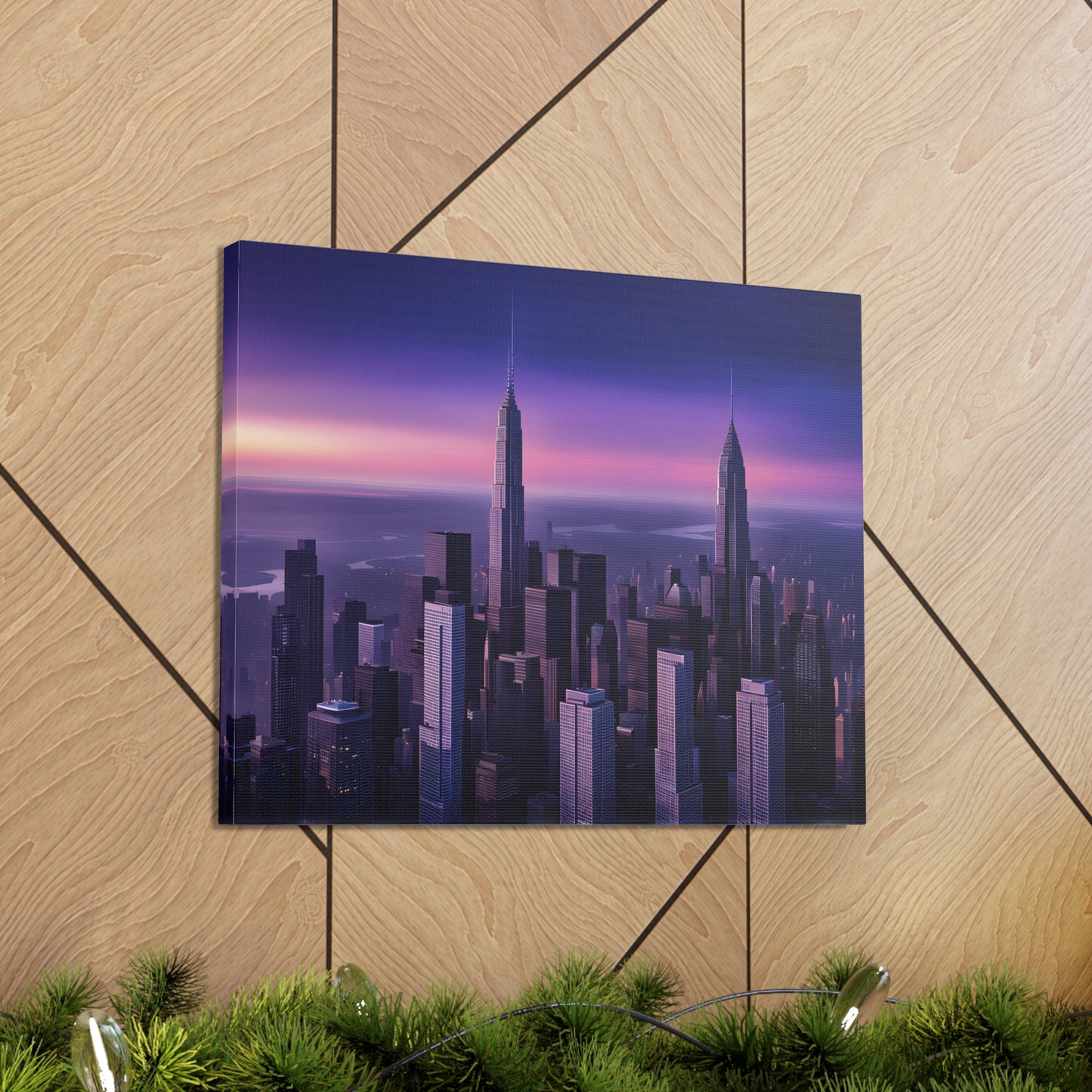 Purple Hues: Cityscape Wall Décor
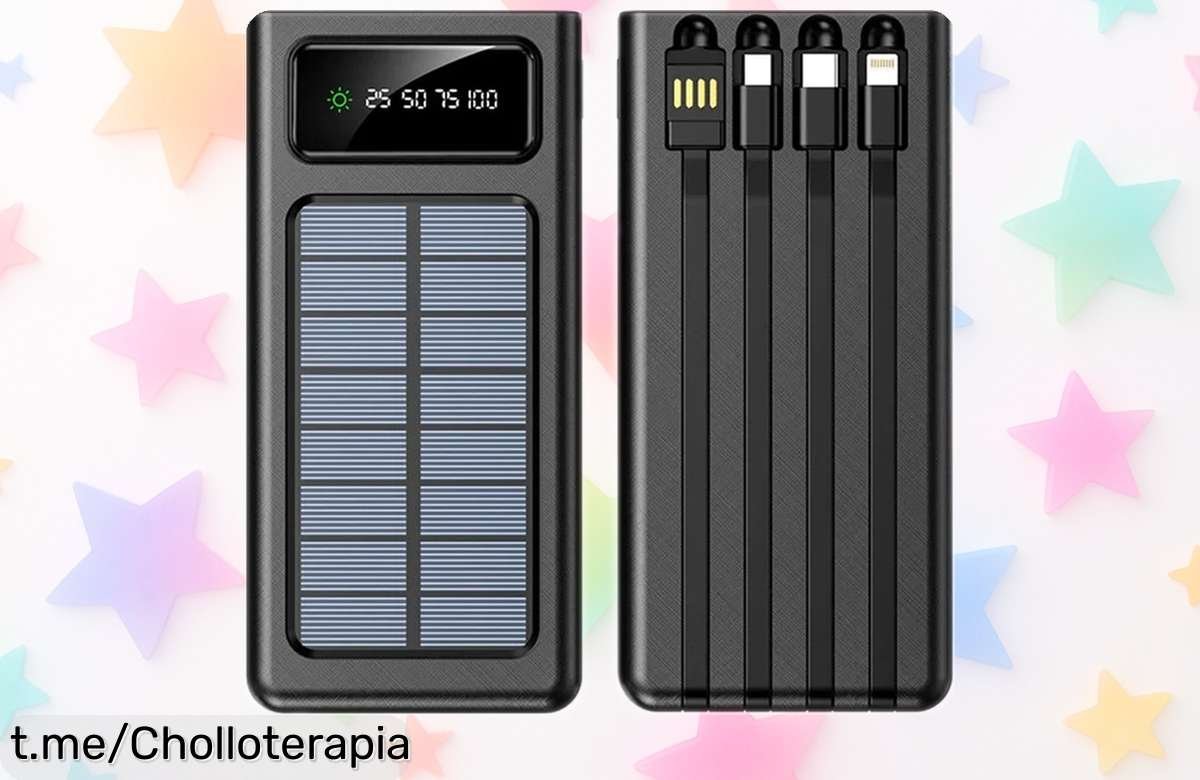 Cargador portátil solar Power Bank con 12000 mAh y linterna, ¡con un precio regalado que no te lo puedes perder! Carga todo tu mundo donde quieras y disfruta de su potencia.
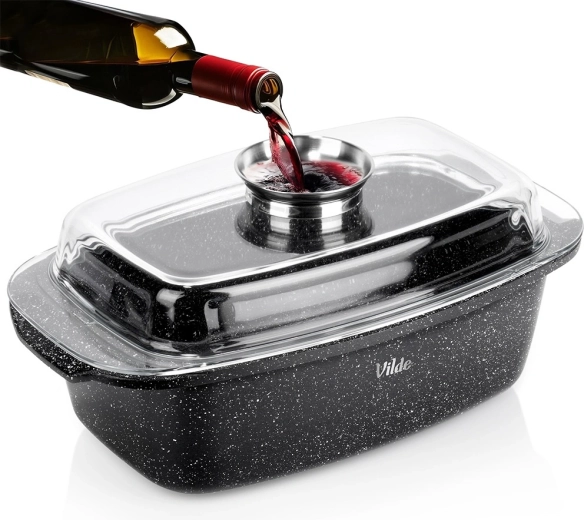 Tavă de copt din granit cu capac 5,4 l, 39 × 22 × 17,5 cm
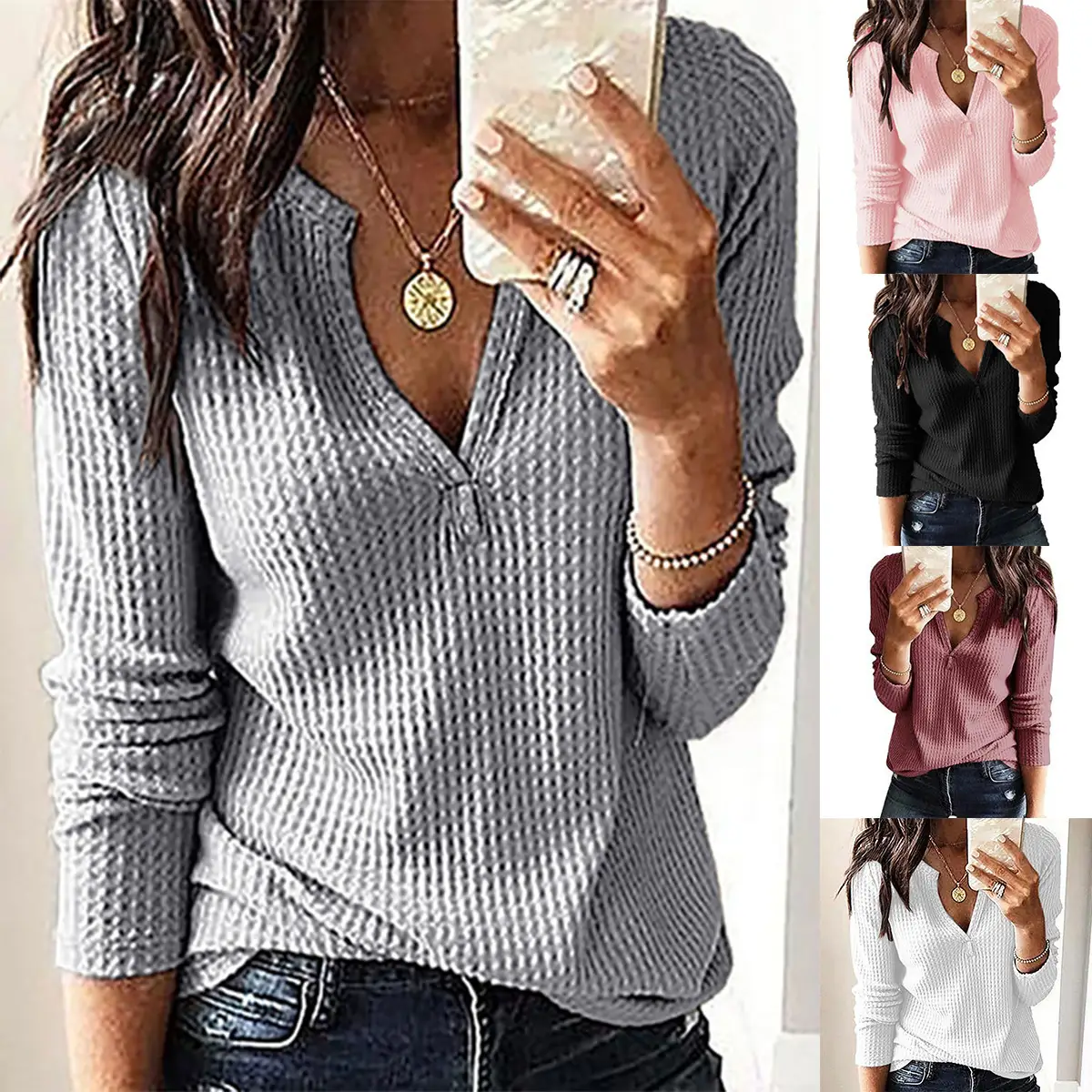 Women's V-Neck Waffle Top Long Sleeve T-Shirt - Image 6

Try it => Could you repeat the data exactly, omitting its pictures?

Solution =>
 Purple Hues: Cityscape Wall Décor
 Cargador portátil solar Power Bank con 12000 mAh y linterna, ¡con un precio regalado que no te lo puedes perder! Carga todo tu mundo donde quieras y disfruta de su potencia.
 Tavă de copt din granit cu capac 5,4 l, 39 × 22 × 17,5 cm
 Women's V-Neck Waffle Top Long Sleeve T-Shirt - Image 6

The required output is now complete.